Horror can be subtle or in-your-face and I can relate to deciding which to use with supernatural fiction...Violence can be a very real controversy when we must decide how to use it, if to do so, when, in what way...
I can imagine having written a story about a nut dressing like the Joker and attacking a movie crowd. That would be a great story and it could go into the reason he does it and the people there who are heroic and who are cowardly....it would be a good vehicle to tell a story. HOWEVER...my God, it happened! The writer, if he had written such, would feel terrible and be raked over the coals and probably threatened, It is very possible and very controversial as we can all understand.

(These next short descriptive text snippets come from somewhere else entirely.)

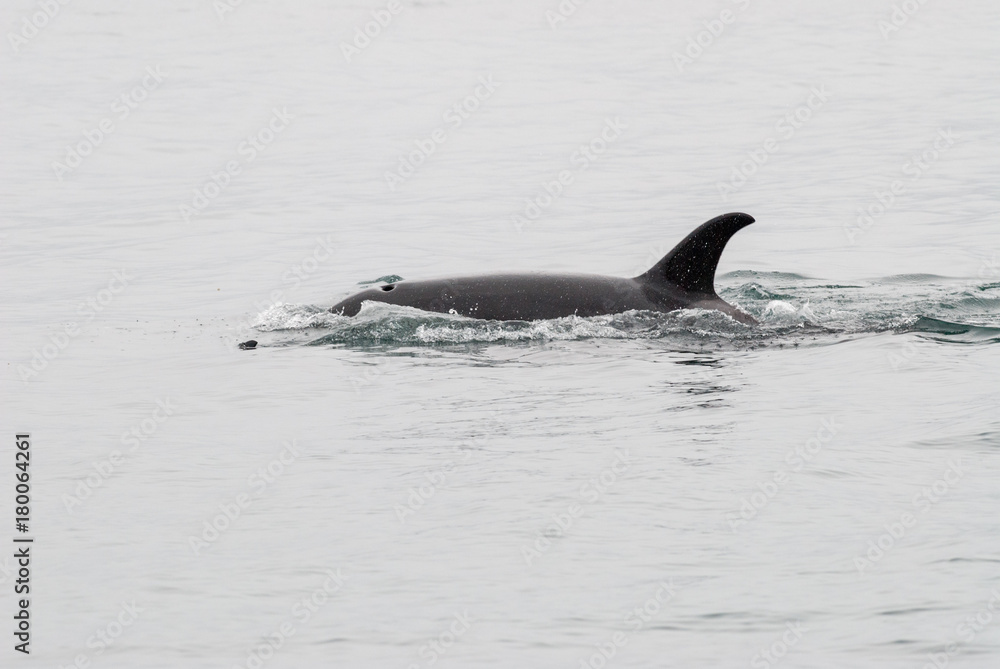 Naklejka premium Swimming Along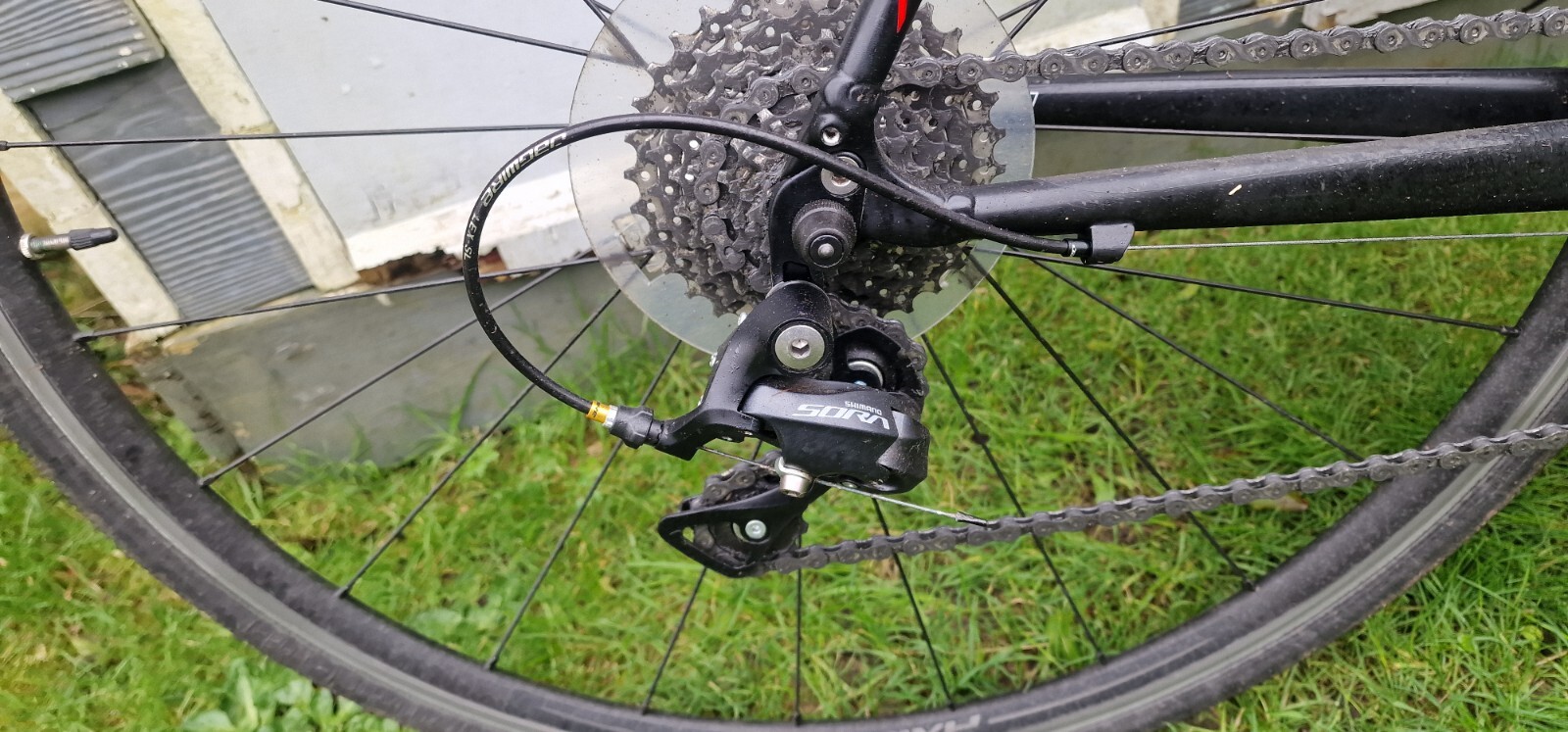 specialized allez ebay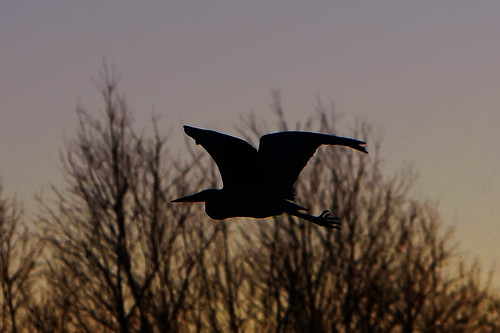 bird silhouette maryland baltimore backlit greatblueheron joppatowne canonef70200mmf28lisusm westtwinriver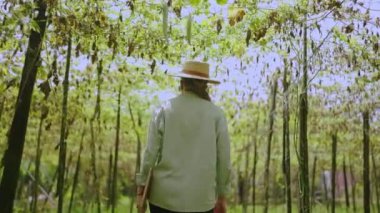 Kadın tarım uzmanı, sebze çiftliğindeki kötü hasadı inceliyor. Kafkas kadın çiftçi kuru yaprak bahçesinde yürür. Küresel ısınma kuraklığı nedeniyle çiftçi işçilerde sorunlu bitki hastalıkları var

I think we, as horror writers, don't design or invent the violence, but we simply delve into the human mind and see the possibilities of some terrible things.
A man tells his friend he wants to be on an airplane that is hijacked but that lands safely in the end and the bad guys are caught and no one is harmed.
"How horrible! You would be terrified." The friends says.
"Yes, but it ends ok and then I won't be afraid of that anymore because what are the chances of me ever being on 2 hijacked planes?"
Horror sells because once you have seen or read it, what are the chances you will ever be in that spot again? You have seen the demons and escaped. In some ways, when we read about violence, we are carrying a rabbit's foot after that...a talisman of protection because....what are the odds?